Nous avons également rencontré une tribu étrangère qui désirait enterrer son chef mort sur notre île (notre tribu était la gardienne d'un cimetière néandertal se situant justement sur cette île). Beaucoup de gesticulations, de cris et de pointages de doigts pour se faire comprendre (bien sûr, c'était souvent fortement modulé par la conception qu'Eero avait de ses PNJ, mais parfois nous étions pas foutus de nous comprendre entre joueurs alors que Julien, Jérôme et moi sommes amis depuis plus de 10 ans).
Ceci a donc donné un rythme assez lent à la partie: pas question de lancer un dé pour savoir si "je réussis à me faire comprendre par l'étrangère", chaque information y passait à coup de dé, établissant de même de manière très détaillée les connaissances des personnages et les possibilités offertes par le monde de jeu.
J'ai vraiment eu l'impression de découvrir le monde d'une manière très intime, fine et pragmatique.
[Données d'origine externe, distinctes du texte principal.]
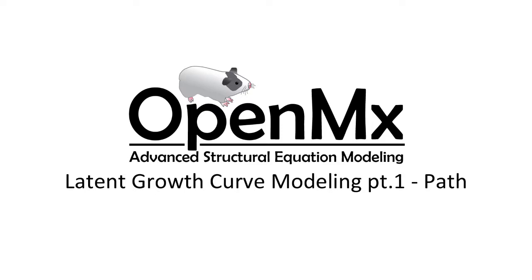Hello and welcome to the OpenMX video tutorial series. In this video we will be discussing latent growth curve analysis.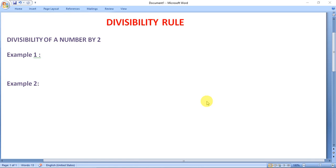Hello to everyone. We are going to discuss how to check the divisibility of a given number.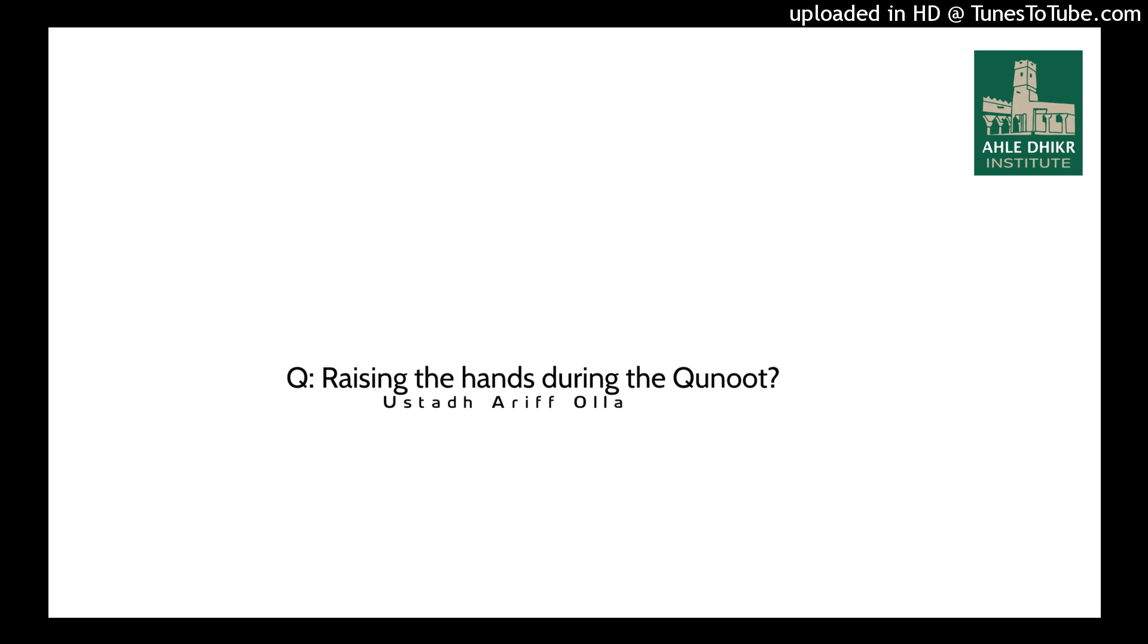We ask Allah that he makes us of those people who are steadfast upon this salat. Likewise, we ask Allah that he makes us of those people who when they supplicate to him, that he responds. Allahu A'lam.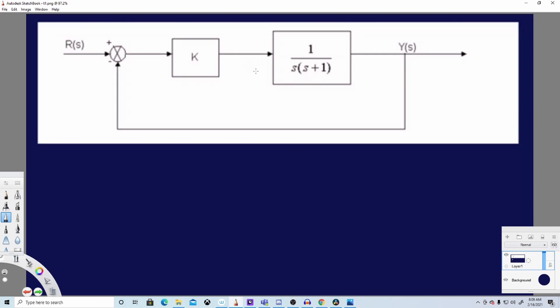Hey, what's going on guys. In this video, we are going to see how to derive the transfer function from a block diagram. Here we have a block diagram with R(s) as the signal input, a constant K, a function block, and Y(s) as the output.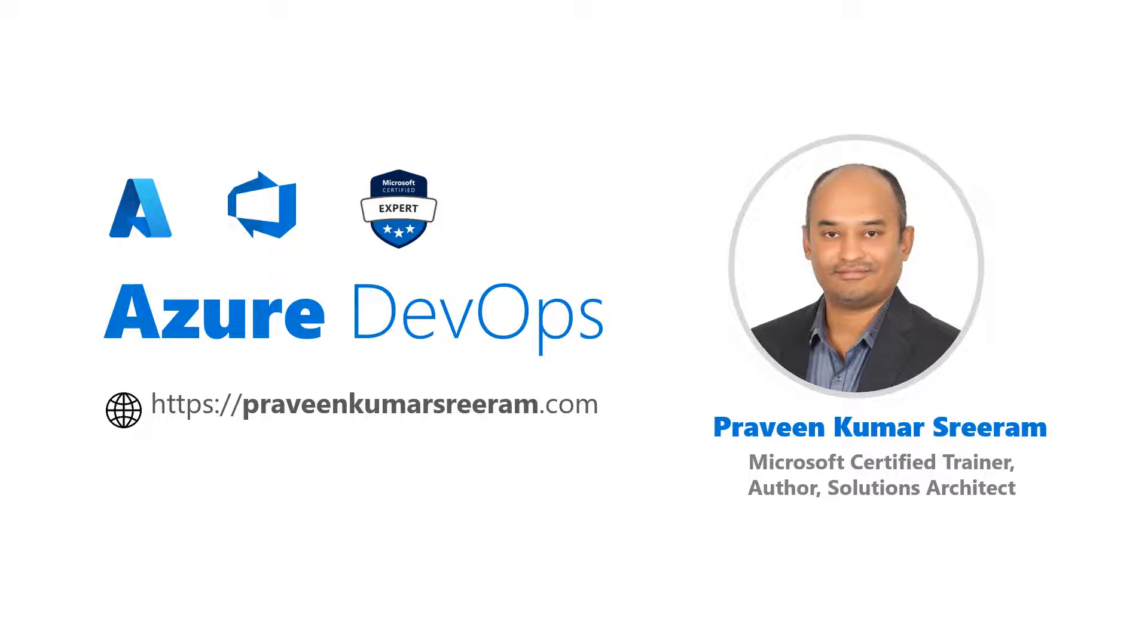Hi everyone, welcome back. My name is Praveen Kumar Sriram. I'm a Microsoft certified trainer, author and working as a solutions architect.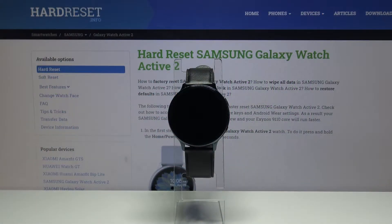Hello, in front of me I have Samsung Galaxy Watch Active 2 and I'm going to show you how to change the keyboard language on this device.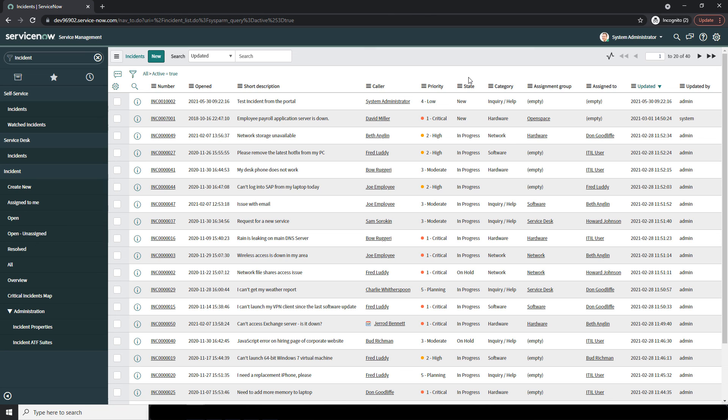Before we complete this lecture, I would also like to note that incidents can also be created via the service portal or via email. And that is all for this lecture on Incident Management.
C'était intéressant.
En revanche, je ne crois pas un seul moment à la prémisse: avec notre intelligence (c'est une règle du jeu que de considérer une intelligence équivalente entre homme des cavernes et homme moderne) il est impossible de ne pas avoir de langue.
L'homme est suffisamment malin pour associer un son particulier à un objet, voire à une action, surtout si on insiste lourdement. Même un chien peut comprendre quelques "mots".
D'ailleurs, après ce qui équivalait à une journée dans la fiction, nos personnages avaient déjà établi une dizaine de "signes" (mélange entre geste et cris) pour coder des éléments importants de leur environnement. Or je ne vois pas en quoi ce jour était plus spécial qu'un autre et cela signifierait donc que notre tribu était sensé disposer d'un vocabulaire de plusieurs milliers de mots (le chef/chamane joué par Julien ayant la soixantaine).
Ce que je trouverais intéressant en revanche, c'est de pouvoir dépenser une ressource pour établir qu'en fait la tribu avait déjà un mot pour un certain objet depuis longtemps en évoquant un souvenir spécifique. Ce qui deviendrait pour moi l'élément central dans un tel jeu, ce ne serait pas de découvrir comment ça fait de vivre sans langue, mais comment une langue peut naître en fonction de l'environnement et de l'histoire d'une tribu.
Bref, tout cela pour dire que je crois bien avoir participé à une démarche dont Romaric me semble être un grand fan: l'exploration de la logique à travers les mondes fictifs.
Frédéric, ceci est donc la partie dont il me semble qu'on pourrait tirer quelques vagues enseignements pour ton récent projet.